The National Union of Journalists (NUJ) has called off planned strike action by members at Johnston Press titles scheduled for tomorrow after the publisher sought help from the High Court by claiming that it doesn’t employ any journalists, reports the NUJ.
Johnston Press spent enormous time and effort putting together a 600-page submission to prove that – despite the JP stamp on the pay slips of staff working on their titles; the JP company handbook issued to all staff; the Johnston Press plc intranet that publishes company-wide procedures including policies on grievance, disciplinary procedure and health and safety; despite the group’s claims in the annual report, in company bulletins and external publications that it employs 1,900 journalists and more than 7,000 employees – that JP “employs no journalists”.
The union will re-ballot 550 members at Johnston Press, who were due to strike in reaction to closure of a pension scheme, a group-wide pay freeze and the introduction of a new content management system.

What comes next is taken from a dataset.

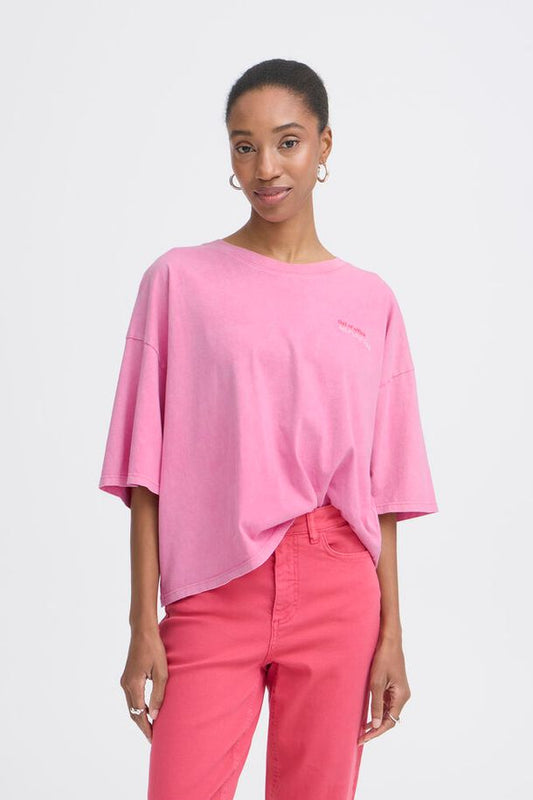 ICHI Nica T-Shirt - Wild Orchid Pink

Says NUJ general secretary Jeremy Dear:
Johnston Press management’s claim that it employs no journalists would be laughable, did it not have such serious implications for industrial relations in the UK. It’s clearly part of an emerging trend amongst employers to derail democratically agreed industrial action by skilfully exploiting the anti-trade union laws. In this case, by creating a web of subsidiary companies set up as multiple employers, JP management has been able to argue at the High Court that our dispute around group-wide pay and the introduction of a new content management system across the titles is, in fact, a series of identical disputes with JP’s multiple subsidiaries.